The BRB dancers delivered a full house of outstanding performances. Momoko Hirata and César Morales were ideally matched as the star-crossed lovers, both giving as fine a performance as I can recall in these leading roles. Hirata danced beautifully and expressively, easily conveying Juliet’s youthful impetuosity. She has a special aura of pliant delicacy, like a Bird of Paradise flower wavering in a gentle breeze. But, her steely technique is resolutely unwavering in its precision.  

César Morales and Momoko Hirata in <i>Romeo and Juliet</i> © Bill Cooper
César Morales and Momoko Hirata in Romeo and Juliet
© Bill Cooper
Romeo is the role that Morales always keeps in his top drawer.
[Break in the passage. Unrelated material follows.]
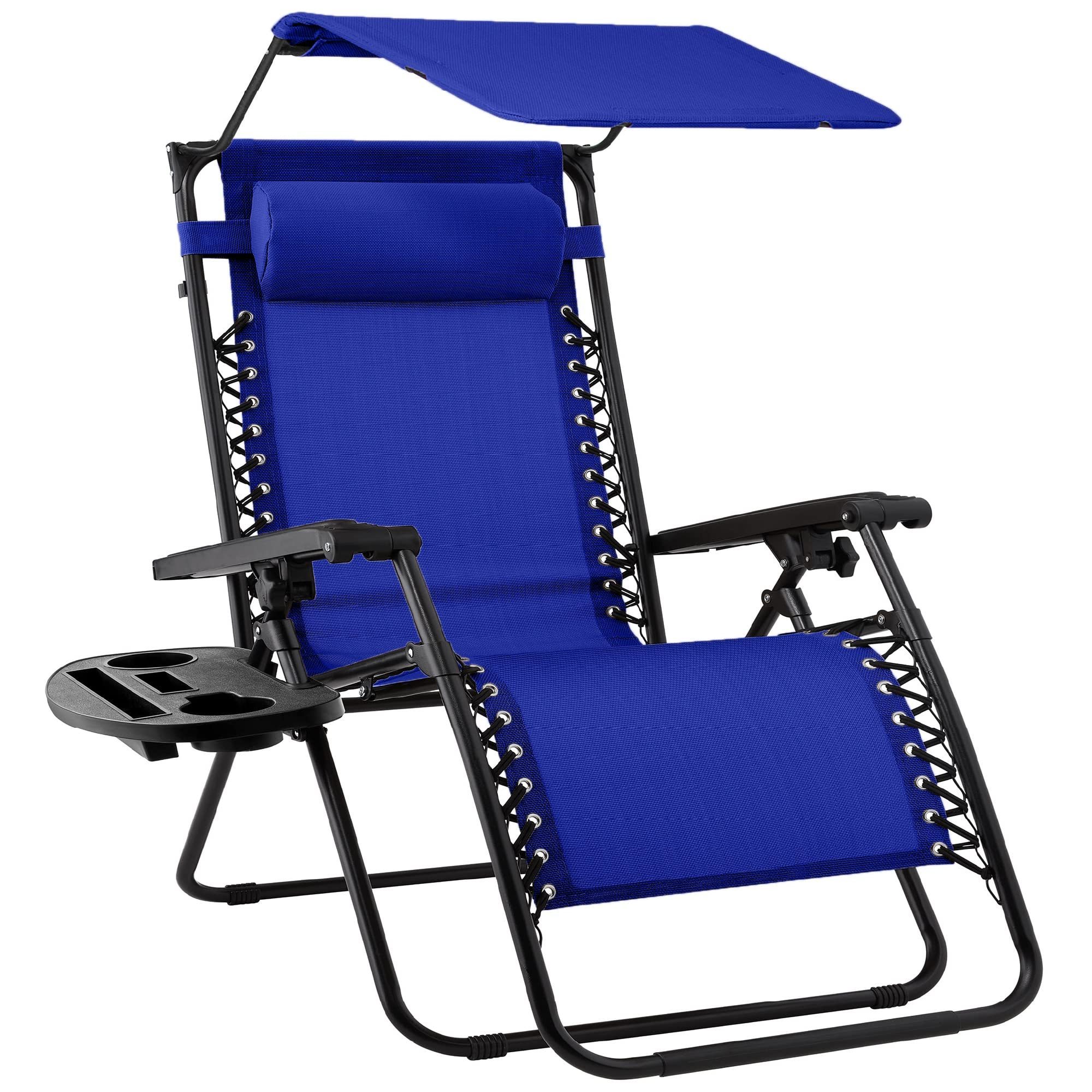 Wholesale Price Folding Zero Gravity Outdoor Recliner Patio Lounge Beach Chair with Adjustable Canopy Shade, Headrest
Every aspect of the young, tragic hero is shaped and drawn with considerable artistry. He is cocky; he is smitten; he is a poet; he is a fighter. Morales – the greatest dancer Chile has ever exported to Britain – has been a journeyman principal dancer in UK ballet companies, since joining ENB, in 2004.  He has now been at Birmingham for a decade but appears remarkably youthful for this CV and every aspect of his performance was utterly believable as the idealistic young Montague.       

Everywhere one looked throughout this cast, the performances were top notch. Rory Mackay’s dead-eyed, alcohol-fuelled Tybalt made an effective contrast to Tzu-Chao Chou’s devil-may-care Mercutio and the Montague clan’s male triumvirate was completed by Brandon Lawrence’s charismatic portrayal of Benvolio. They danced the difficult trio outside the Capulet’s House with notable uniformity. The sword-fighting, so often comic in its timidity, was full-on in its ferocity while retaining the essential choreographic structure and musicality. Whoever was responsible for that level of detail in the coaching deserves fulsome credit.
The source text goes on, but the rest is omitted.